Patients who developed hypersensitivity-yusti reactions should immediately stop Tisabree therapy.
Concomitant or previous treatment with immunosuppressants
The safety and efficacy of Tisabree in combination with other immunosuppressors or antitumor drugs have not been adequately established.The concomitant administration of these drugs may increase the risk of infection, including opportunistic microorganisms, and, therefore, is contraindicated.
In patients receiving immunosuppressors, the risk of developing PML has been increased. Prescribe the drug to patients who have previously received immunosuppressors, should be carefully; it is necessary to wait for the restoration of the immune system. Before appointing Tisabree, the attending physician should evaluate each individual case to identify possible signs of immunodeficiency.
Based on the results of Phase III clinical trials in patients PC, The concomitant treatment of relapse with a short-term course of glucocorticosteroids was not accompanied by an increase in cases of infections. Thus, short-term therapy with glucocorticosteroids can be carried out in parallel with Tizabry therapy.
Immunogenicity
Deterioration of symptoms of the disease or unwanted reactions to the infusion may indicate the development of antibodies to natalizumab. If such phenomena occur, it is necessary to make an analysis for antibodies to natalizumab twice with an interval of 6 weeks; if the result remains positive after 6 weeks, therapy should be discontinued,Because the constant presence of antibodies reduces the effectiveness of Tizabry and increases the likelihood of hypersensitivity reactions. Since with a long break in treatment after a short-term course, Tizabree rises risk hypersensitivity reactions with repeated administration, a test for antibodies should be performed, and if the result of the confirmatory study remains positive after 6 weeks, therapy should not be resumed.
Reactions from the liver
During the postmarketing period, spontaneous serious adverse events from the liver were recorded.

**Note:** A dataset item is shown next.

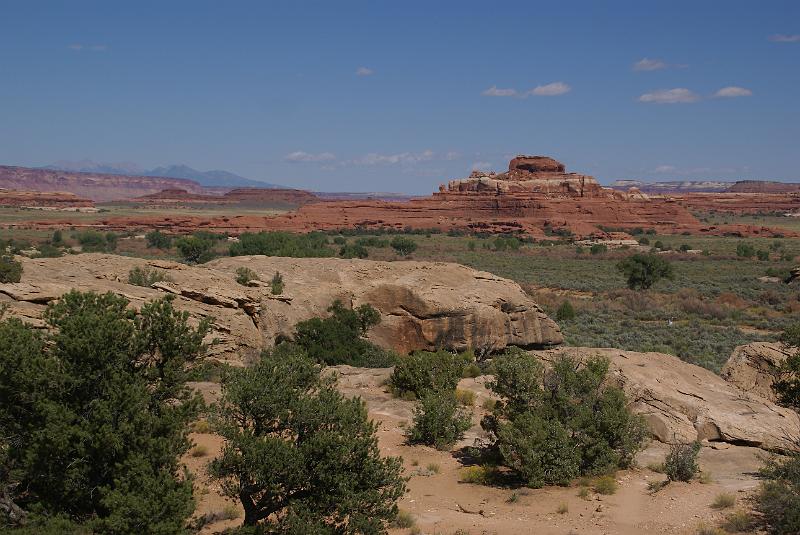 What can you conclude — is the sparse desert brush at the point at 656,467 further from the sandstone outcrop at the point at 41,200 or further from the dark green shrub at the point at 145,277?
the sandstone outcrop at the point at 41,200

Liver involvement is possible at any time during the course of treatment, even after the administration of the first dose. In some cases, the reaction occurred again when Tisabree therapy was resumed. In some patients with liver diseases, a history of hepatic impairment during Tisabree therapy was noted. It is necessary to carefully monitor patients to identify possible violations of liver function, and to warn them about the need to consult a doctor if symptoms of liver damage, such as jaundice and vomiting, appear.With a significant liver damage, Tisabree therapy should be discontinued.

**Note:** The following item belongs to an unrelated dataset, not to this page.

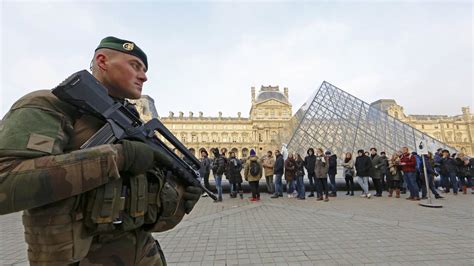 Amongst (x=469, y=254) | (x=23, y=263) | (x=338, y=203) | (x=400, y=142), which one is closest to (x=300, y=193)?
(x=338, y=203)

Abolition of Tisabree therapy
If the attending physician decides to discontinue natalizumab therapy, he should remember that the drug is stored in circulating blood and continues to have pharmacodynamic action (eg, leading to lymphocytosis) approximately 12 weeks after the last dose. With the appointment of other drugs during this period, they can interact with natalizumab. According to the results of clinical studies, simultaneous use of such drugs as interferon beta and glatiramer acetate, poses a threat to patient safety. Data on the safety of simultaneous administration of Tizabry and immunosuppressants to patients PC no. The use of these drugs soon after the cessation of therapy with natalizumab may lead to an additional immunosuppressive effect. This should be carefully considered in each case; after glucocorticosteroids for the treatment of relapses PC do not increase the risk of infection.
After dilution of the drug in 100 ml of 0.9 % solution of sodium chloride, the preparation ready for administration contains 17.7 mmol (or 406 mg) of sodium per dose.
Patients who adhere to a diet that controls the sodium content should take this information into account.